En efecto, no se dijo nada, pero al mismo tiempo se dijo todo, al elegir a quien eligieron para el módico desafío de poner la cara y buscar reducir el impacto de la respuesta a un cotilleo sobre él.

Total, lo importante nunca fue el mensaje (daba lo mismo un repaso de jeroglíficos macroeconómicos e indicadores sociales que el alfabeto griego o la tabla periódica) sino el medio, la cara prestada, acaso alguno de sus habituales yerros, las banderitas como parte del decorado, el desborde de cifras, datos y gráficas. Sólo faltaron los emoticones.

Claro que eso no fue problema para que la tribuna tricolor, y no precisamente la de Nacional, que compró el verso de la “conspiración de la oligarquía reaccionaria de los blancos cajetillas” desde mucho antes que lo pusieran a la venta, aplaudiera y aprobara la actuación del canoso comunicador oficial (¿ista?). Casi, casi al nivel de Sonia o Raquelita, pero nunca tanto como el de los Grille, ¡faltaba más!

A su pesar, la cadena no trasuntó la imagen de un gobierno fuerte sino la de uno débil (todo radicalismo crepuscular es un signo de debilidad), encabezado por un presidente ausente y soberbio que no tiene nada para decir; lo que, como mensaje, es lo más parecido a la postal de un barco a la deriva. Y si a esto le agregamos que, cuando bajó al llano y se cruzó con un productor rural que le cantó un par de verdades, no supo qué hacer, le saltó la térmica y se comportó como un barra brava de Progreso (que no es lo mismo que decir un hincha del progresismo y menos aún que un progresista), la sensación de preocupación se disparó a la estratosfera. Y ni que hablar que cuando tuvo que bajar la pelota al piso, mostrarse como el medido y circunspecto galeno que encanta a las tías viejas, actuó aún peor, mandando a escrachar al paisano envalentonado (¿otra maravillosa ocurrencia de su equipo de septuagenarios?). Un horror.

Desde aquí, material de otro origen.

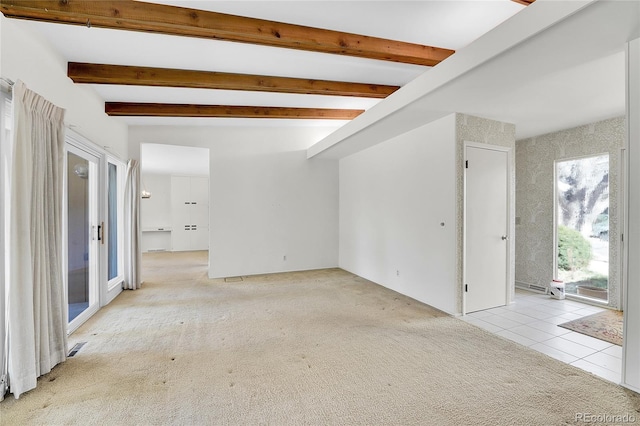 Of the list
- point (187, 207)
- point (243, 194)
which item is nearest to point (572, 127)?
point (243, 194)

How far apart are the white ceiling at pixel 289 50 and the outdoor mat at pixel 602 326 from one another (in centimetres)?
329

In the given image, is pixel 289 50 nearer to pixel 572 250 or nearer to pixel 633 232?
pixel 633 232

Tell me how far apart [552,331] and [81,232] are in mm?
5666

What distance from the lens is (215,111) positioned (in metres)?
4.89

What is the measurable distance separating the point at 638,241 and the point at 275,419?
9.12ft

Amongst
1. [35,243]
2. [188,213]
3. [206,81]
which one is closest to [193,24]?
[206,81]

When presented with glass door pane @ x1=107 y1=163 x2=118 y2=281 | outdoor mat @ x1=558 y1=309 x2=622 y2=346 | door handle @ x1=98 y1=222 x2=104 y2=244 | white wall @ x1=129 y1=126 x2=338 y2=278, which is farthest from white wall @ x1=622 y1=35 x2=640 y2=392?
glass door pane @ x1=107 y1=163 x2=118 y2=281

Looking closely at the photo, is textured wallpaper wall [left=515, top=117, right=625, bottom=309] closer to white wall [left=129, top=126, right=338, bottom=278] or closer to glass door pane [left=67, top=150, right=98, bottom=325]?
white wall [left=129, top=126, right=338, bottom=278]

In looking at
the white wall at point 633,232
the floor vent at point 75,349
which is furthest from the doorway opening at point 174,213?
the white wall at point 633,232

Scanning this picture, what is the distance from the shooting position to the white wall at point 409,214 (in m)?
3.74

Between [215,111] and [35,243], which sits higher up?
[215,111]

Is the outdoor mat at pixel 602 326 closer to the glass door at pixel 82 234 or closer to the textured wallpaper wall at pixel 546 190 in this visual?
the textured wallpaper wall at pixel 546 190

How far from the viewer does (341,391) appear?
6.93ft

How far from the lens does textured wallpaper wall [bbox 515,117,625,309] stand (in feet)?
12.8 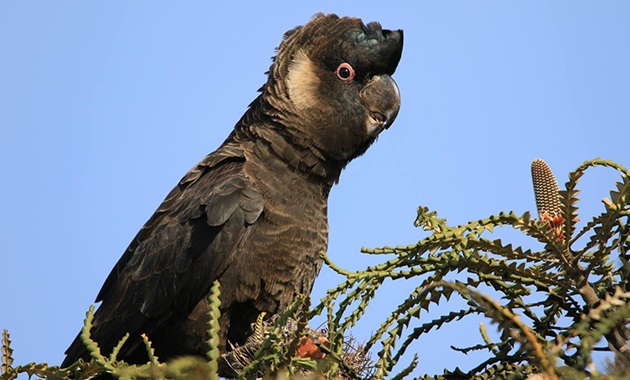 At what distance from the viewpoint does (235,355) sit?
3762 millimetres

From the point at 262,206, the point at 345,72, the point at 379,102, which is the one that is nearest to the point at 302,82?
the point at 345,72

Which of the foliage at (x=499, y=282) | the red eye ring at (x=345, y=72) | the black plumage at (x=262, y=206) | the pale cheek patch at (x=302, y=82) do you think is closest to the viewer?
the foliage at (x=499, y=282)

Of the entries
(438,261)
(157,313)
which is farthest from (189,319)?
(438,261)

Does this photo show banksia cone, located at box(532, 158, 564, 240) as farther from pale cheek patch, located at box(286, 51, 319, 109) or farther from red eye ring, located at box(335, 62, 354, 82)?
red eye ring, located at box(335, 62, 354, 82)

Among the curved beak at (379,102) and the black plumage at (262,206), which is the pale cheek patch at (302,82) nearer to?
the black plumage at (262,206)

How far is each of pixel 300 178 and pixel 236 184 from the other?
547 mm

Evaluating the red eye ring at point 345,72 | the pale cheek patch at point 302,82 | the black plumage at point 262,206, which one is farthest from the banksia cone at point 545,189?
the red eye ring at point 345,72

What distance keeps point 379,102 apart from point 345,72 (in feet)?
1.18

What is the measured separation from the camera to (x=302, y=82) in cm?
591

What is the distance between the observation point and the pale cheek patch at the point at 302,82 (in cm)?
580

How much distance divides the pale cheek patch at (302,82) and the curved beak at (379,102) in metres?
0.40

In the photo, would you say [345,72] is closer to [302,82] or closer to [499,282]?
[302,82]

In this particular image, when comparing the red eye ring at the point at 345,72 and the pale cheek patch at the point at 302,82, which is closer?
the pale cheek patch at the point at 302,82

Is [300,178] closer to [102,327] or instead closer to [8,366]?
[102,327] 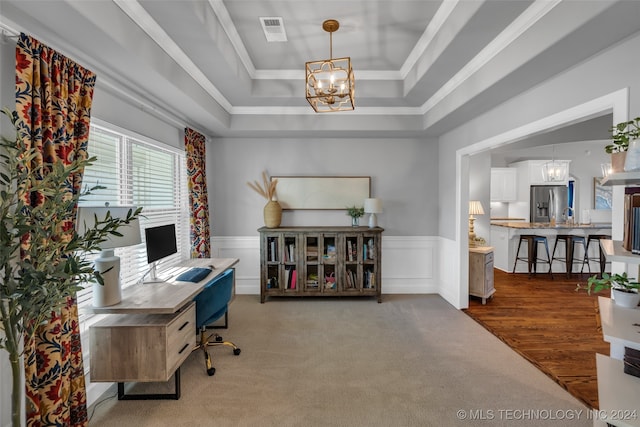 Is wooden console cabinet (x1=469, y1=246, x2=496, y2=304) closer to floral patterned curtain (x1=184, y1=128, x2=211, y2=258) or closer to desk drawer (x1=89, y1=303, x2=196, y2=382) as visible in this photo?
floral patterned curtain (x1=184, y1=128, x2=211, y2=258)

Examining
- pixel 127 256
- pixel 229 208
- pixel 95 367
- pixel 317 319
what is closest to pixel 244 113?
pixel 229 208

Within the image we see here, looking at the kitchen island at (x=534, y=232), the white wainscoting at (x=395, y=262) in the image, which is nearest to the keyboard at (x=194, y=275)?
the white wainscoting at (x=395, y=262)

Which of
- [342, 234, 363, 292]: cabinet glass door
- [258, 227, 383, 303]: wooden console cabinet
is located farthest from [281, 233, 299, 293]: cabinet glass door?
[342, 234, 363, 292]: cabinet glass door

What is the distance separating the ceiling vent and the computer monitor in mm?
1931

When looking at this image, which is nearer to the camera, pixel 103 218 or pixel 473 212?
pixel 103 218

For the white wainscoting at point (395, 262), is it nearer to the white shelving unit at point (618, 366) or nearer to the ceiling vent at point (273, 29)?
the ceiling vent at point (273, 29)

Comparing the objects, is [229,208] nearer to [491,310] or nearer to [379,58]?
[379,58]

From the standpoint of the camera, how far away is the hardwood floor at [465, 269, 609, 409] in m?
2.59

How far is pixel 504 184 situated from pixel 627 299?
20.1ft

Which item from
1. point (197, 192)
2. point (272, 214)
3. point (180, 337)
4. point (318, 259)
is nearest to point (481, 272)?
point (318, 259)

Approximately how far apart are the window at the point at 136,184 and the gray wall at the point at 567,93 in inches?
125

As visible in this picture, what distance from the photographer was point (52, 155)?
1.82 metres

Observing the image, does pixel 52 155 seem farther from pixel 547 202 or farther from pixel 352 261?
pixel 547 202

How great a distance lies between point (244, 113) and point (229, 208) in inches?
55.6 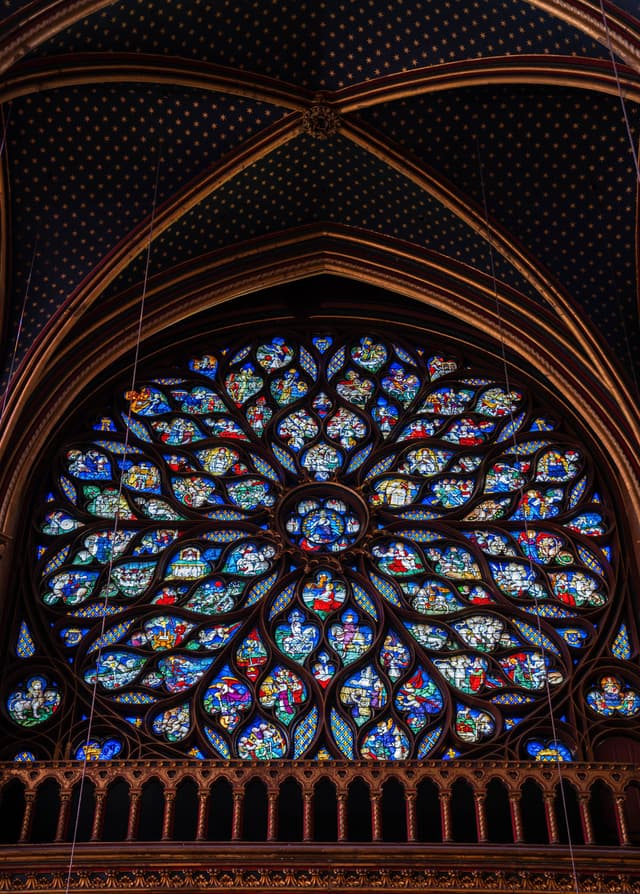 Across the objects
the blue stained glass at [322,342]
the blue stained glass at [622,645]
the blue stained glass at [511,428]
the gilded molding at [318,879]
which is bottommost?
the gilded molding at [318,879]

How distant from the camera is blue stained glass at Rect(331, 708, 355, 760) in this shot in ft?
37.9

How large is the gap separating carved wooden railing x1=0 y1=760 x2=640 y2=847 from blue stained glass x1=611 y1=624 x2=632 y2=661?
1329 mm

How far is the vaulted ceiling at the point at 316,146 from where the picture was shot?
1223 cm

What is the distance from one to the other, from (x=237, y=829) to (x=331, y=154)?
694 cm

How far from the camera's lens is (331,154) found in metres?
13.7

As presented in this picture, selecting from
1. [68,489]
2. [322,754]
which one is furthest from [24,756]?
[68,489]

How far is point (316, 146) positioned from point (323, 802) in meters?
6.61

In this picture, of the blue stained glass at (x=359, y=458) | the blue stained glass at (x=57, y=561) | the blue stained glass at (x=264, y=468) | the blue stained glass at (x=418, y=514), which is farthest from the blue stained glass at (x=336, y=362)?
the blue stained glass at (x=57, y=561)

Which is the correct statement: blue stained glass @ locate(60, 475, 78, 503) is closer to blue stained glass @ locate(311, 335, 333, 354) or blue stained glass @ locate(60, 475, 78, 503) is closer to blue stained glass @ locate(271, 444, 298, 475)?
blue stained glass @ locate(271, 444, 298, 475)

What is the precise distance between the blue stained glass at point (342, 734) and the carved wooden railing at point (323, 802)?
315 mm

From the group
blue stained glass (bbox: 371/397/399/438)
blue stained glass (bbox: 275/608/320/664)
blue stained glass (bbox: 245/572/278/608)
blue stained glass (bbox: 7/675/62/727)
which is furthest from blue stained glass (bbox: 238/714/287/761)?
blue stained glass (bbox: 371/397/399/438)

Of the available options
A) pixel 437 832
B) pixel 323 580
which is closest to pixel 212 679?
pixel 323 580

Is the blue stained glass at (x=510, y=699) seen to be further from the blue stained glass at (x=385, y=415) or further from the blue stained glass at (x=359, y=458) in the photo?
the blue stained glass at (x=385, y=415)

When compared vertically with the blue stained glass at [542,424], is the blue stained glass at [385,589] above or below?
below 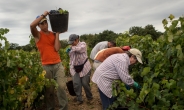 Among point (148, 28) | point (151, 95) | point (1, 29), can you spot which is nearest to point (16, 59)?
point (1, 29)

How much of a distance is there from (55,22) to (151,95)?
2.59 metres

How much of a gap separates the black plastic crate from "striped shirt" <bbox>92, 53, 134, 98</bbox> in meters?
1.35

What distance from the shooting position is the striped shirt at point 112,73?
3.19 m

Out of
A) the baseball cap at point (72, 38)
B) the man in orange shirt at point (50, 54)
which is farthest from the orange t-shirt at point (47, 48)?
the baseball cap at point (72, 38)

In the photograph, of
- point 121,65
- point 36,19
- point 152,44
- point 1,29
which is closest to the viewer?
point 1,29

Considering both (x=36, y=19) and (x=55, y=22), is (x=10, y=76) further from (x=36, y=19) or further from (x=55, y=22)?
(x=55, y=22)

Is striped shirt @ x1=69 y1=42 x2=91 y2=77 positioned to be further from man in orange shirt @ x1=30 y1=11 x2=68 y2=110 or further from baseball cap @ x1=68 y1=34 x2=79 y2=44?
man in orange shirt @ x1=30 y1=11 x2=68 y2=110

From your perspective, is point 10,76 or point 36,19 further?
point 36,19

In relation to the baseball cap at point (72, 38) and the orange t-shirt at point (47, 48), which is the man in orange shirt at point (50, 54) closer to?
the orange t-shirt at point (47, 48)

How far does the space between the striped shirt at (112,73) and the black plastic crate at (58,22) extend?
1355mm

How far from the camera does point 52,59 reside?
4.37 m

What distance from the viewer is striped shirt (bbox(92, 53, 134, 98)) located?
3188mm

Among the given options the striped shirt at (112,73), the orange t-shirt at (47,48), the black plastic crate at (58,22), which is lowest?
the striped shirt at (112,73)

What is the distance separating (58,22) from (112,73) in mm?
1597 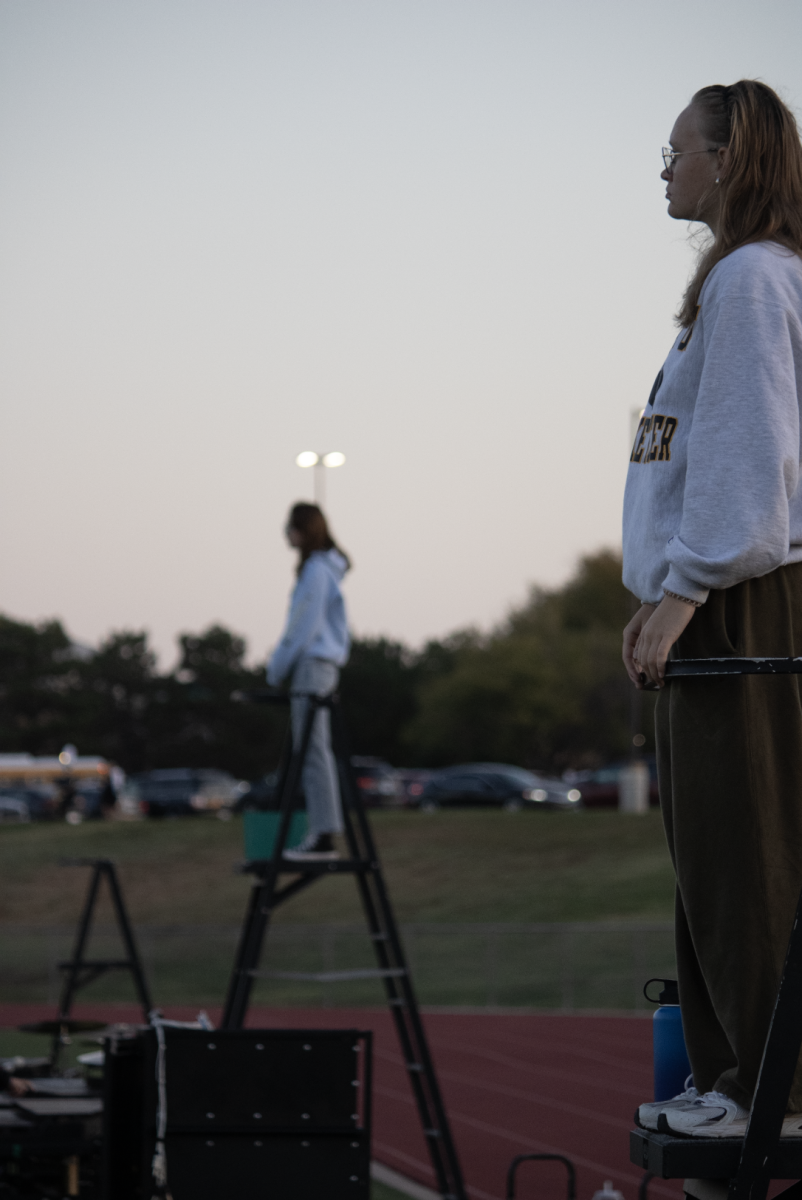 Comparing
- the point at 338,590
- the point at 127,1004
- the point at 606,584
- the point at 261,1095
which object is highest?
the point at 606,584

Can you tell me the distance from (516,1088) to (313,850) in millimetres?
6556

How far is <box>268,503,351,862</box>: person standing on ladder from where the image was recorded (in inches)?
275

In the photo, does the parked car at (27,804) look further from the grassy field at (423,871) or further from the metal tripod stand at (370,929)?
the metal tripod stand at (370,929)

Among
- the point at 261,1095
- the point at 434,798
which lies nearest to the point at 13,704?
the point at 434,798

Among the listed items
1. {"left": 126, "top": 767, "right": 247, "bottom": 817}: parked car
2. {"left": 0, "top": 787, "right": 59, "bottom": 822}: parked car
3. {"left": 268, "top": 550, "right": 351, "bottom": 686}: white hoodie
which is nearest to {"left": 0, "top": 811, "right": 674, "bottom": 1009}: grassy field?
{"left": 268, "top": 550, "right": 351, "bottom": 686}: white hoodie

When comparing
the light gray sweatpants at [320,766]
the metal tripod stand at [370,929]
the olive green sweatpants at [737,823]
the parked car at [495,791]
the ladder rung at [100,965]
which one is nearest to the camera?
the olive green sweatpants at [737,823]

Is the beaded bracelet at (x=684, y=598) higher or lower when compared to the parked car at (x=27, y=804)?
higher

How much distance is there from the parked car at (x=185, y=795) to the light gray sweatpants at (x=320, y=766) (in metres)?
39.7

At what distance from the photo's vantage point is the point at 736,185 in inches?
102

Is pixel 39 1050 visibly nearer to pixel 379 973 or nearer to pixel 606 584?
pixel 379 973

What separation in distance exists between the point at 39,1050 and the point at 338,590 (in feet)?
27.9

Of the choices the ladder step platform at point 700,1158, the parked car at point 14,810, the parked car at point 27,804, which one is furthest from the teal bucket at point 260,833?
the parked car at point 14,810

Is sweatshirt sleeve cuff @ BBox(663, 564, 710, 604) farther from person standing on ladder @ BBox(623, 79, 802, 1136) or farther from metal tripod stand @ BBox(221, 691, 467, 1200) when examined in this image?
metal tripod stand @ BBox(221, 691, 467, 1200)

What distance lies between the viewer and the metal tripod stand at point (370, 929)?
19.5 ft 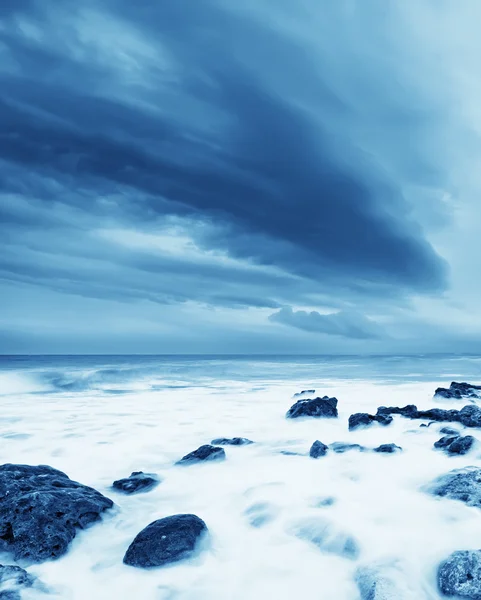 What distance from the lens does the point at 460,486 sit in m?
4.60

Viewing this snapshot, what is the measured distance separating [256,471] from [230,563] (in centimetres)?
238

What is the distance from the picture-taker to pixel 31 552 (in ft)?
11.5

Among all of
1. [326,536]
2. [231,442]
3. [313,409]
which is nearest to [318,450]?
[231,442]

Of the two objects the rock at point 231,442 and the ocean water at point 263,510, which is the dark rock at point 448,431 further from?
the rock at point 231,442

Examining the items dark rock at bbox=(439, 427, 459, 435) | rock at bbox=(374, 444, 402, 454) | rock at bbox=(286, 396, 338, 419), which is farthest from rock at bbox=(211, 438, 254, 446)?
dark rock at bbox=(439, 427, 459, 435)

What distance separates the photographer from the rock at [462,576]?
286 cm

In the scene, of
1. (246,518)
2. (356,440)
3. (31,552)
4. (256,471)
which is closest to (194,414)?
(356,440)

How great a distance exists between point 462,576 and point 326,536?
1197 mm

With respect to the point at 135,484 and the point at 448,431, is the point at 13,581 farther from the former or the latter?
the point at 448,431

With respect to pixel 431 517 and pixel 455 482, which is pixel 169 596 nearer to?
pixel 431 517

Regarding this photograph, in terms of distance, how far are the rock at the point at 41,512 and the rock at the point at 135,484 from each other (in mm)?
671

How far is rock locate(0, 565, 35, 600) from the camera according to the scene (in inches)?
115

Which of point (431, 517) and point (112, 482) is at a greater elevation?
point (431, 517)

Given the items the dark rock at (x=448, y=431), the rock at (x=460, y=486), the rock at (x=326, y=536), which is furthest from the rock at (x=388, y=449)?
the rock at (x=326, y=536)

A propósito, poco antes de las últimas elecciones, entrevistado por el semanario Voces, el presidente dijo que había aprendido del ex mandatario francés, François Mitterrand, que “cuando habla Mitterrand, habla Francia”, y por eso –¡vaya autoestima!- hablaba poco. Lo que no aprendió del franchute, por lo visto, es que cuando Mitterrand hablaba, decía mucho. Y, sobre todo, ponía la cara, claro. Ahí está la diferencia entre el último de los Borbones franceses y el hijo putativo del Pistola Marsicano.

Conclusión, el presidente no sabe nadar en aguas agitadas. Cuando el viento está a favor y todos dicen amén, es fácil. Cuando está del lado de la puerta, es otra cosa. En eso, el Pepe lo supera ampliamente. Es imbatible. Tiene un talento natural para bailar con la más fea y salir indemne. Por eso, quizás, el hombre se mantiene lejos, dejando que su par se desgaste, para emprender dentro de poco, casi nada, para disgusto de sus delfines alimentados a promesas y de los opositores amateurs, la epopeya del regreso. Sin necesidad de cadenas. Ni mensajeros muletos. Ni caras prestadas. Con Mc Luhan bajo el brazo y el “como te digo una cosa, te digo la otra” siempre a tiro.